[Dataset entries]
- - -

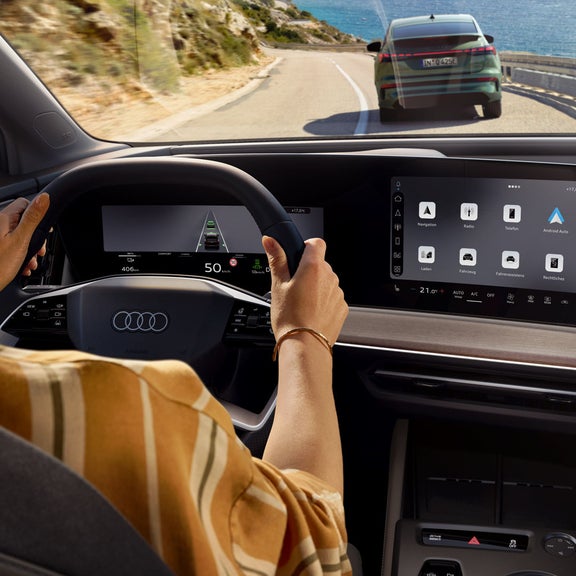Blick von hinten auf das Cockpit des Q4 SUV e-tron. Eine Frau sitzt am Lenkrad und steuert das Auto auf einer Bergstraße, zur rechten Wasser. Ein Fahrzeug fährt unmittelbar vor dem Q4 SUV e-tron. 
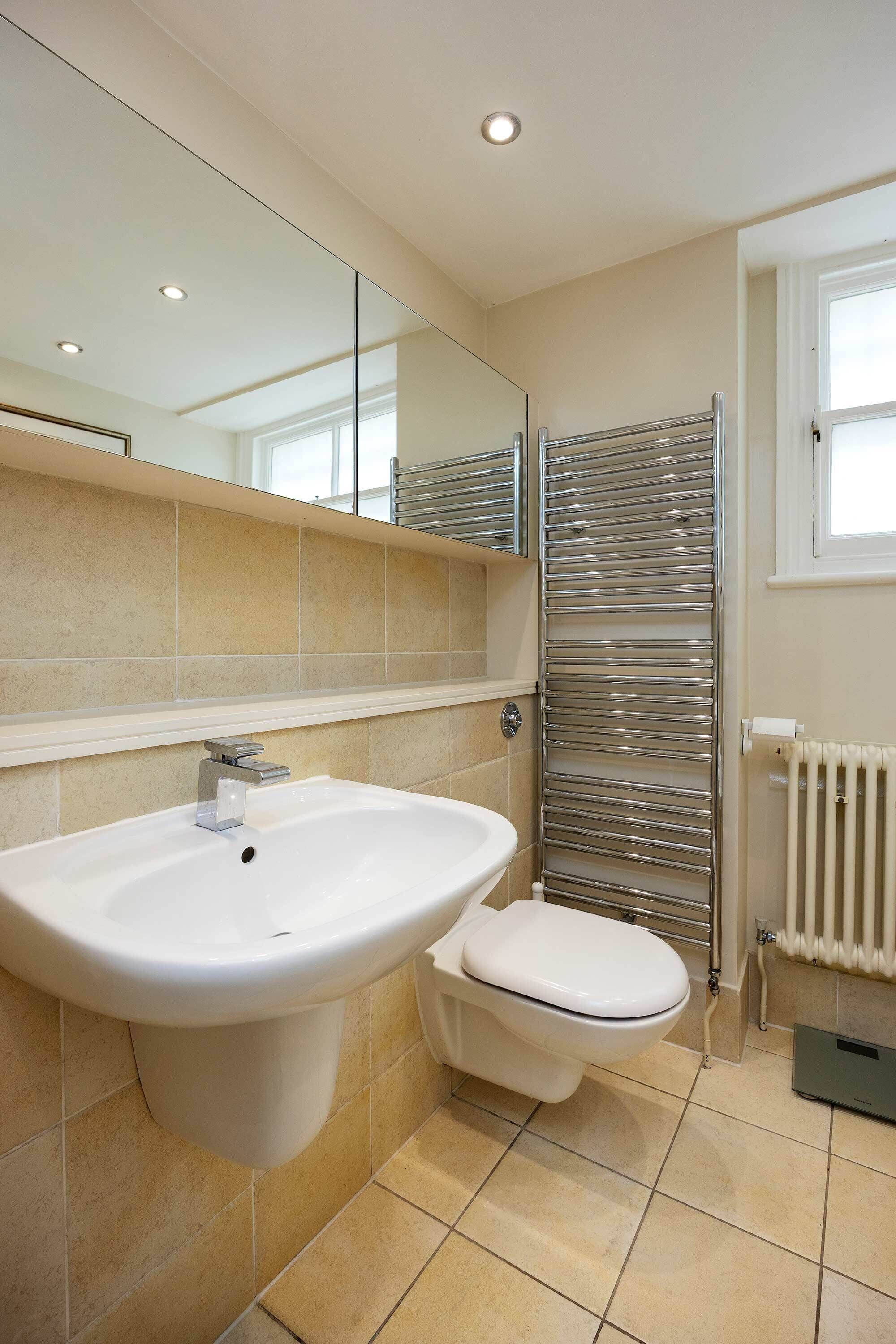 A modern bathroom with a white sink, a toilet, and a glass shower enclosure.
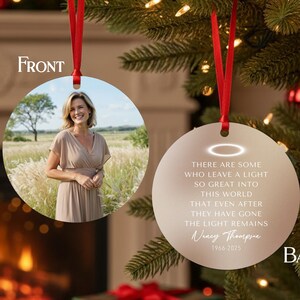 May include: A round Christmas ornament with a red ribbon. The front displays a photo of a woman in a field. The back has text that reads "THERE ARE SOME WHO LEAVE A LIGHT SO GREAT INTO THIS WORLD THAT EVEN AFTER THEY HAVE GONE THE LIGHT REMAINS".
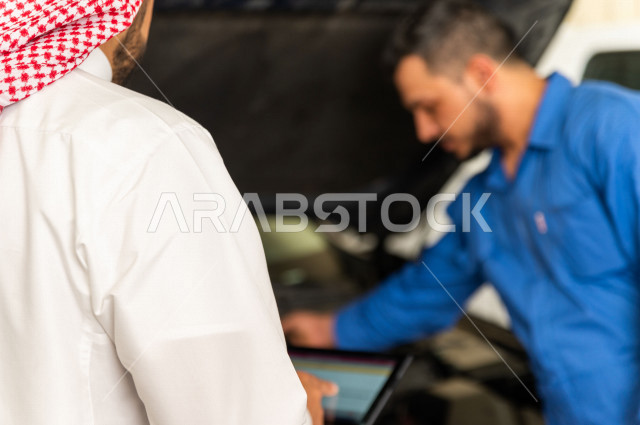 رجل عربي سعودي  داخل ورشة السيارات ، يستخدم جهاز التابلت لاختيار خدمة التصليح ، معه مهندس ميكانيكي يقوم باصلاح سيارته ، استخدام ادوات للصيانة ، اصلاح يدوي ، خدمات اصلاح و صيانة السيارات ، مهندس ميكانيكي ، ورشة صيانة 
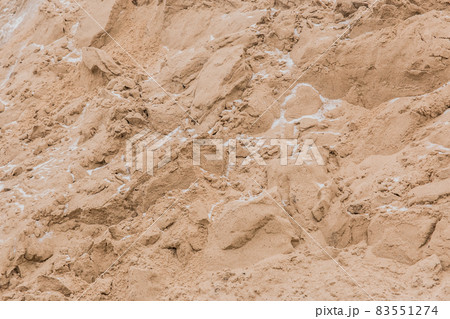 A large pile of sand of natural industrial material is stored outdoors on the territory of the plant 83551274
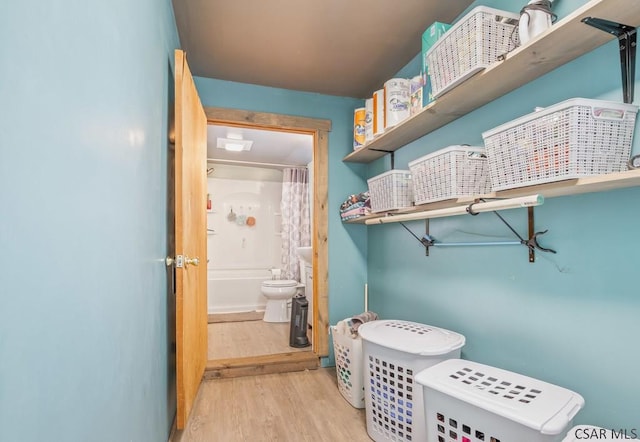 interior space with shower / bath combo with shower curtain, toilet, and wood finished floors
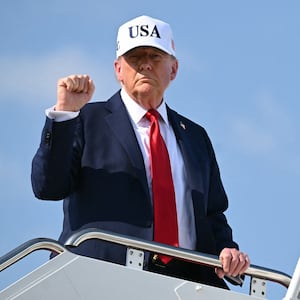 President Donald Trump pumps his fist while boarding Air Force One at Joint Base Andrews in Maryland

- - -

- **Assigned task**
Write out exactly the lines from the one that contains "A large pile" through the last line of the data above, both included. Leave every picture out.

- **Output of the task**
 A large pile of sand of natural industrial material is stored outdoors on the territory of the plant 83551274
 interior space with shower / bath combo with shower curtain, toilet, and wood finished floors
 President Donald Trump pumps his fist while boarding Air Force One at Joint Base Andrews in Maryland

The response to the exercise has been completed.